I am experiencing a strange condition with our HP G1 lefthand SAN cluster. The cluster consists of 4 nodes across two sites, two nodes ( node 1 & 2 )in each site are RAID5 across the pair, and these are mirrored into our DR site (Node 3 & 4 ).

Node 3 in the DR site is reporting degraded in the CMC, however when inspecting the disks in the CMC all disks are reporting "Health Normal" with a status of "active"

/dev/cciss/c0d1 in the RAID setup is reporting degraded, and the disks on this controller are reporting "safe to remove" as "no"

Does anyone ave any insight into what might be going on, the device is out of warranty period.

3 Answers3

1

From My experience you should login to the System Insight Management Page

https://xxx.xxx.xxx:2381 x= ip address of the nodes user "sanmon" password "sanmon"

Check the disks status and the raid controllers status.

My guess you will find there your problem.

John
  • 391
  • 1
  • 4
0

This sounds like a firmware issue with either a drive, backplane, or RAID controller. You have a bad drive but something is preventing the correct reporting of the failure.

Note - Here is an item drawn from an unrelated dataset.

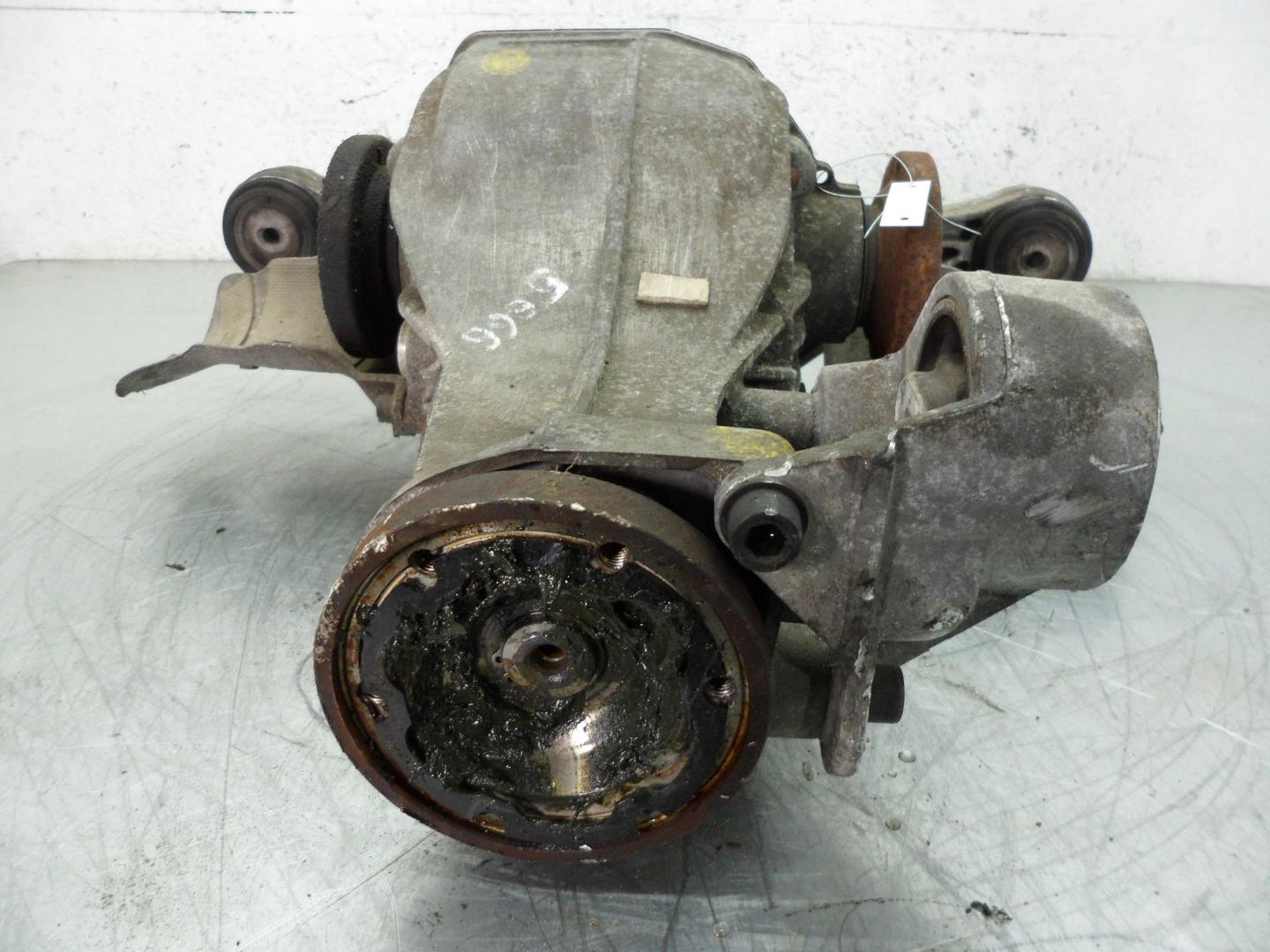 Редуктор заднего моста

I recommend that you check your firmware from top to bottom and upgrade as necessary. HP has a document that lists the supported and recommended firmware levels for their hardware. The document is buried on their site so calling in and asking for the latest version is the best way to get it. Be very careful about the order you apply your firmware updates. There are a couple of specific upgrade steps that if not followed will result in a bricked motherboard or controller.

If you're feeling adventurous, just reboot the node in question. The bad drive will probably show up during the RAID init.

longneck
  • 22,793
  • 4
  • 50
  • 84
0

If the device /dev/cciss/c0d1 is degraded that's mean you have some hardware issue on the disks.

The support need to check the ADU report and found out which disks reporting Read errors.

If you have multiple disks with error and need to be replaced, support can make this storage node into repair mode, replace faulty disks, reconfigure the RAID and finally restripe node from surviving cluster nodes (believe that you don't have any NRAID0 volumes)

Nixphoe
  • 4,524
  • 7
  • 32
  • 51